KGS ranking system

skydyr · Post by **skydyr** » Thu Dec 13, 2012 8:36 am

One other thing to consider is that the system picks anchors for the ratings from active and relatively stable players, so if one of them improves suddenly and rapidly, they may warp everyone elses' ratings around the anchor instead of changing ranks themselves. As far as I know, there is no way to tell who is an anchor by design, without access to the underlying database.

hibbs · Post by **hibbs** » Thu Dec 13, 2012 10:45 am

Mike Novack wrote:
hibbs wrote: Since all the probabilities are known, the probability for each outcome can be calculated, e.g. the probability for outcome 1 is 0.15 (chance to improve in the workshop) * 0.75^5 (probability to win five games in a row at a 75% average win rate) = 3.5%. Other probabilities can be calculated in a similar way, the probability that the person did not improve in the workshop and got a 5 game win streak is 2.7 %

What is important now: We have observed the outcome “five wins in a row”, which means under the given assumptions it is actually more likely that the person has really improved than not. And even though winning 5 games in a row is a rather common event that happens by chance in 3% of all cases, and even though it is unlikely to improve by attending the workshop, the person may still correctly feel that he should get a promotion. (Everyone: Please do not start a discussion if this should be reflected in a ranking system… Read above disclaimer first)
I think that is perhaps the crux of the disagreement. Possibly related to the usual and customary certainties expected before "publication" in the different science. Yes, .56 (3.5/6.2) is greater than .44 (2.7/6.2) but not a whole lot greater. If the system gave promotions based upon attending this class and then having a five game winning streak to 100 mythical players would have been correct to do so 56 times and incorrect to do so 44 times. That's a pretty bad "error rate". The calculation might be redone to determine what lengths of streaks would have been necessary to get the error rate down to below 10%, below 5%, etc.

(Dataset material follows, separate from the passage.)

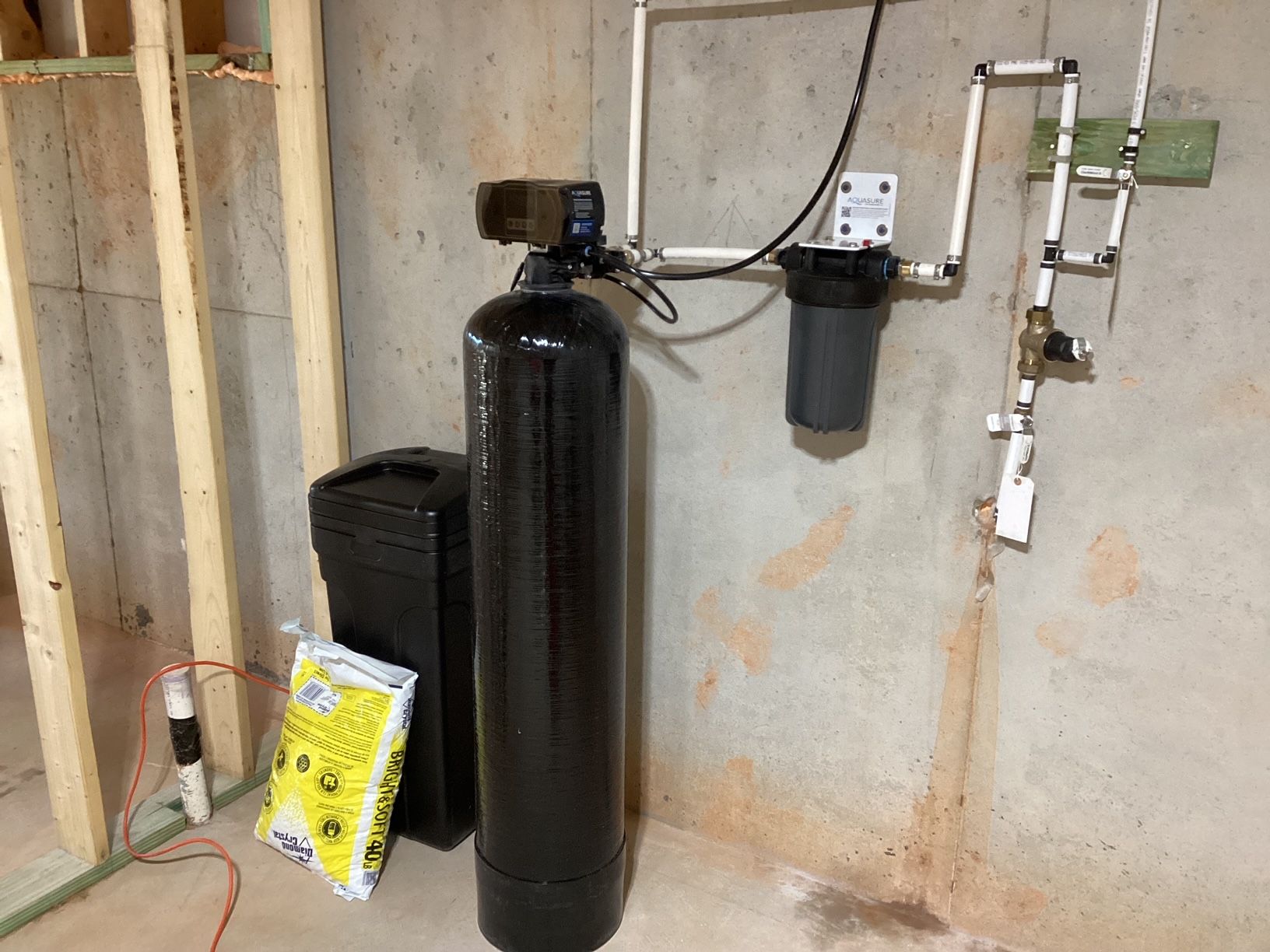A water softener is sitting in a basement next to a wall.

I think you got this one wrong, but first I want to re-iterate two earlier statements:
The crux of the disagreement (or at least what I consider a flaw in the KGS rating system) is that it takes a different number of games to be promoted in dependence of the frequency of played games. It not a priori reasonable why this should be the case, and it may lead to the fact the someone has a winning streak beyond reasonable statistical doubt and still does not get the promotion (at least not immediately). WMS himself has stated that the KGS ranking system does not account well for sudden or fast improvements in strength. What I consider a flaw here is apparently the price to pay for an otherwise probabilistically correct system.
I have also stated that a ranking system cannot account for things like someone attending a class, so therefore it mus not. The rest of the discussion is entirely hypothetical.

Now if you think this error rate of making a mistake of about 50% as in the example. That is the way it is. The Bayesian inference does not help us with calculating the wins in a row needed to get a smaller error rate. The question that is answered is that after the observation "Attended a class and played a streak of 5 won games in a row": What is the probability that the observation is caused by a real improvement? This depends on the prior probability of improving by attending the class. So what would be the probability that there was a real improvement after attending a cooking class? Zero. But the better the class actually is, the more likely an observation of 5 won games in a row points towards a real improvement of the player in question.

jts · Post by **jts** » Thu Dec 13, 2012 11:10 am

It's very reasonable. The more data you have attesting a statistic, the more confident you can be that the observed statistic is close to the actual statistic. The more confident you are, the more data you need to readjust your conclusions. Easy peasy.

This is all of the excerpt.